What you will do — Retype exactly the lines below, starting with the line that contains "Ein Haus mit" and ending with the last line; leave out any pictures.

*** Begin section ***

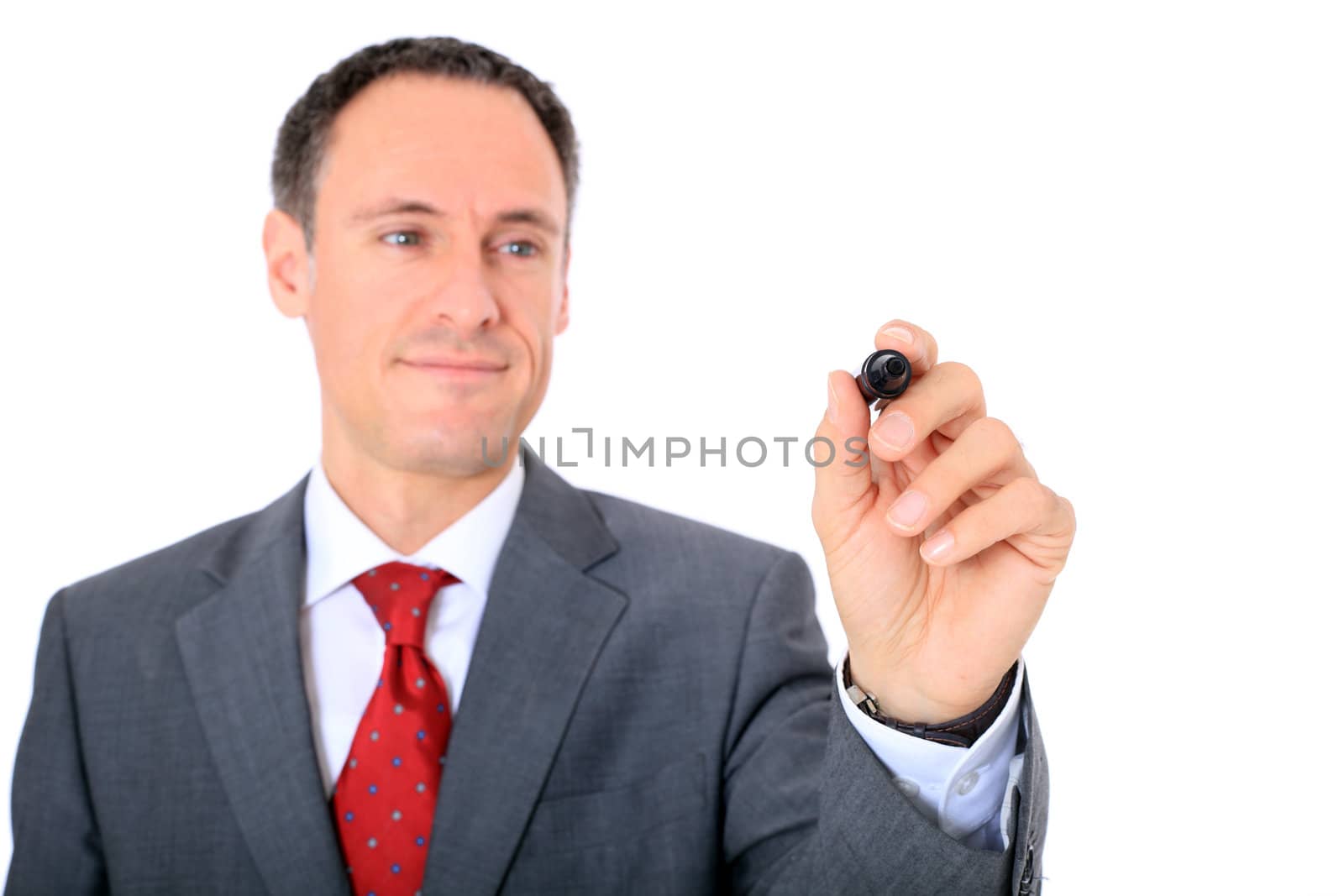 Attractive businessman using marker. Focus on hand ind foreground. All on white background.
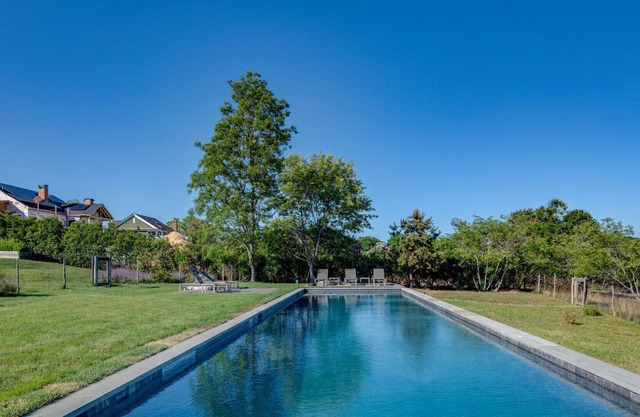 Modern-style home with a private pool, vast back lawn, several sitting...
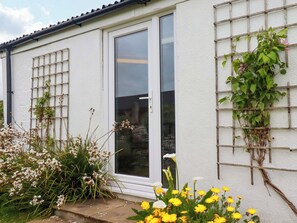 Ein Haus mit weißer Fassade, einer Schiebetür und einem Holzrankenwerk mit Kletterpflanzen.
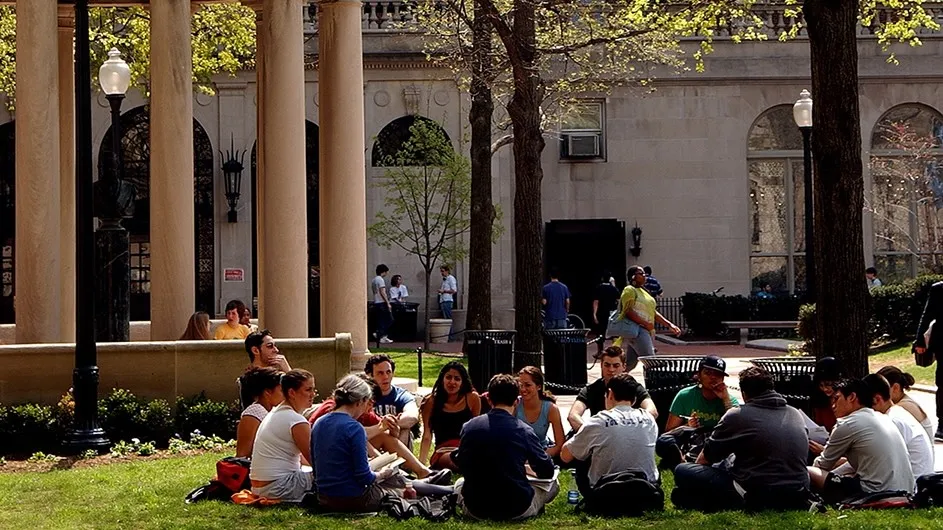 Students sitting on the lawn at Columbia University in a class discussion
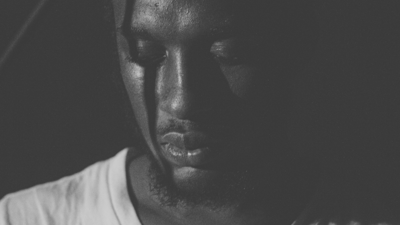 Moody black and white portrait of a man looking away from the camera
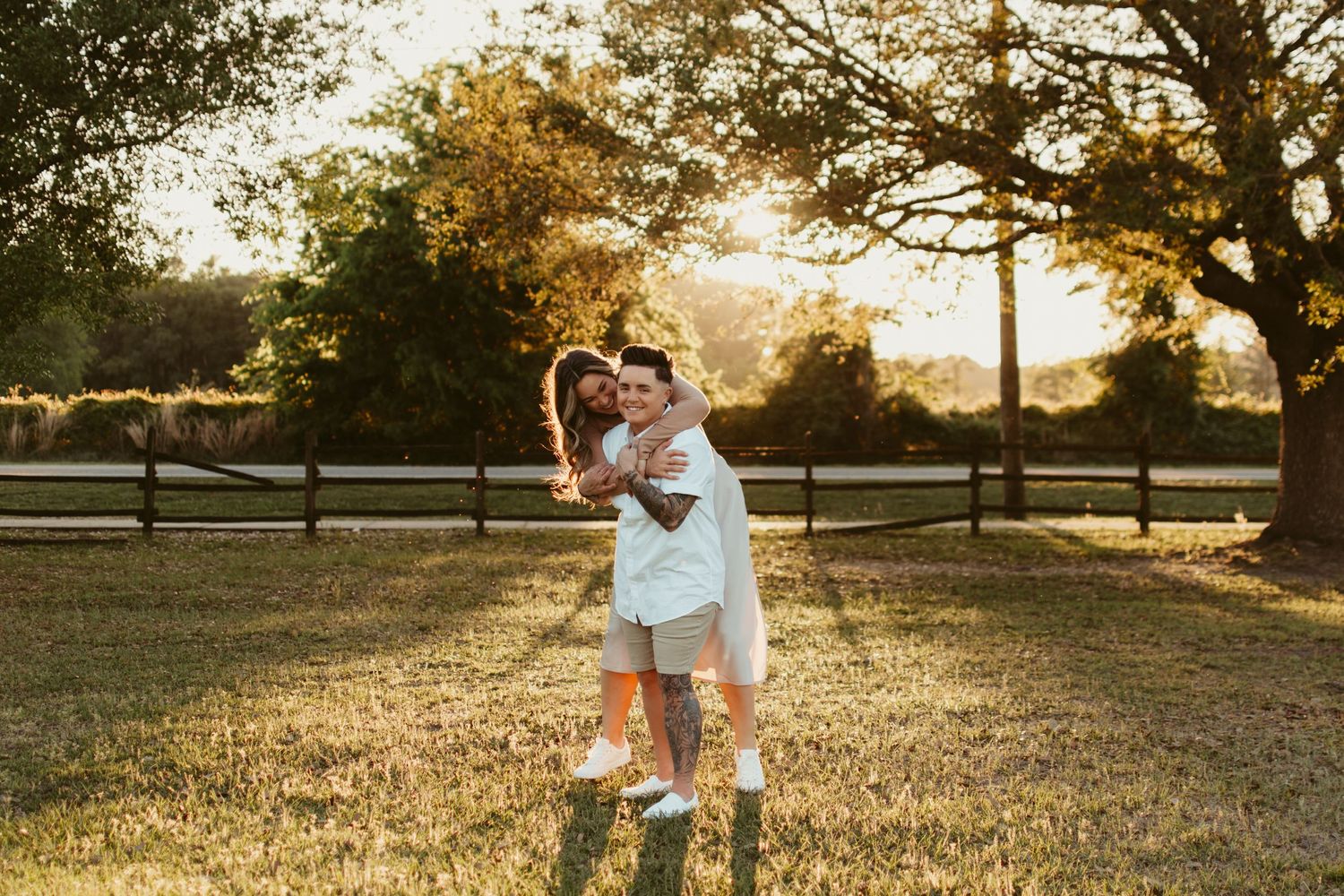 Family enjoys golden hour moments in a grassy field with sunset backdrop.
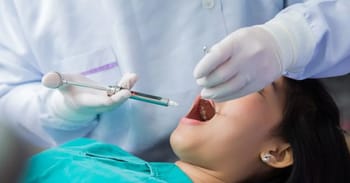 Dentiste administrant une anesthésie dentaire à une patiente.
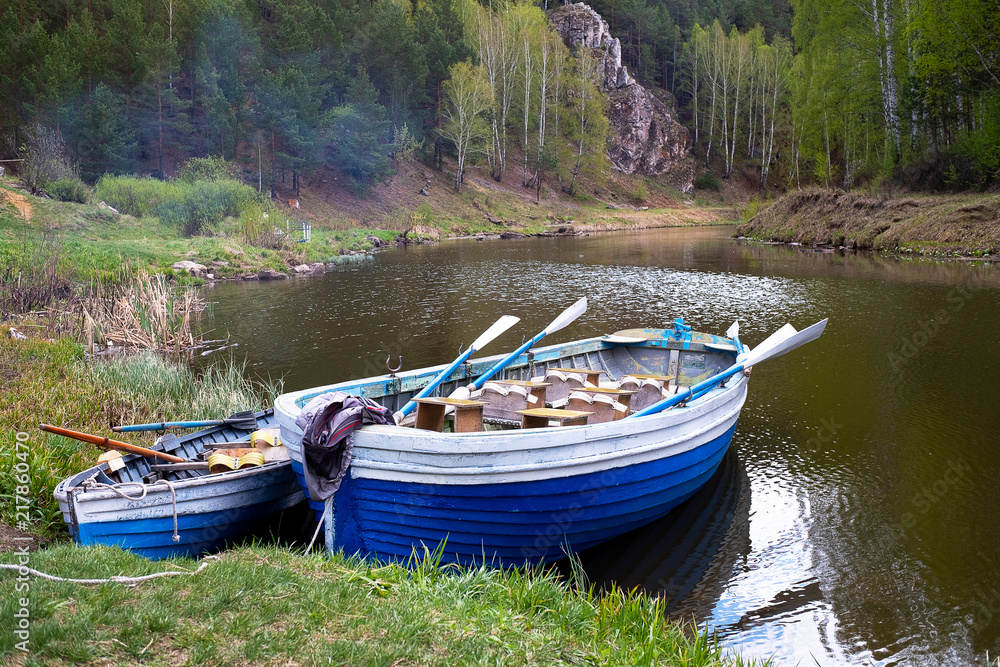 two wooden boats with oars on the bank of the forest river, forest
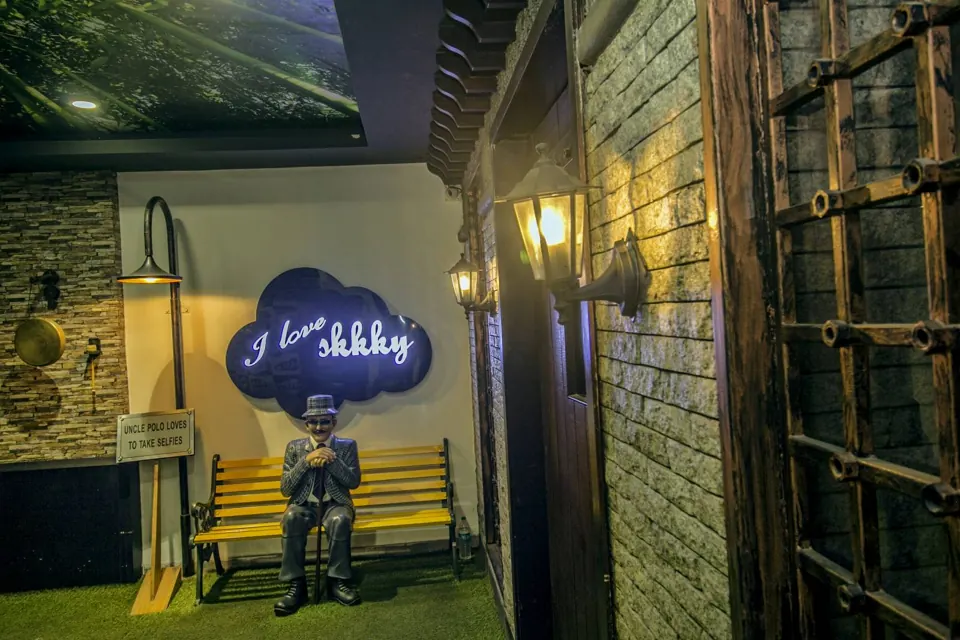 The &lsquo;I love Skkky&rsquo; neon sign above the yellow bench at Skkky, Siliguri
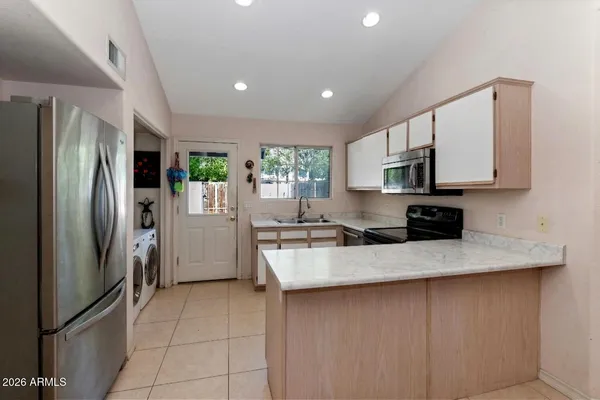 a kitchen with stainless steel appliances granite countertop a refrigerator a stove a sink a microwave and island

*** End section ***

Answer to this exercise —
 Ein Haus mit weißer Fassade, einer Schiebetür und einem Holzrankenwerk mit Kletterpflanzen.
 Students sitting on the lawn at Columbia University in a class discussion
 Moody black and white portrait of a man looking away from the camera
 Family enjoys golden hour moments in a grassy field with sunset backdrop.
 Dentiste administrant une anesthésie dentaire à une patiente.
 two wooden boats with oars on the bank of the forest river, forest
 The &lsquo;I love Skkky&rsquo; neon sign above the yellow bench at Skkky, Siliguri
 a kitchen with stainless steel appliances granite countertop a refrigerator a stove a sink a microwave and island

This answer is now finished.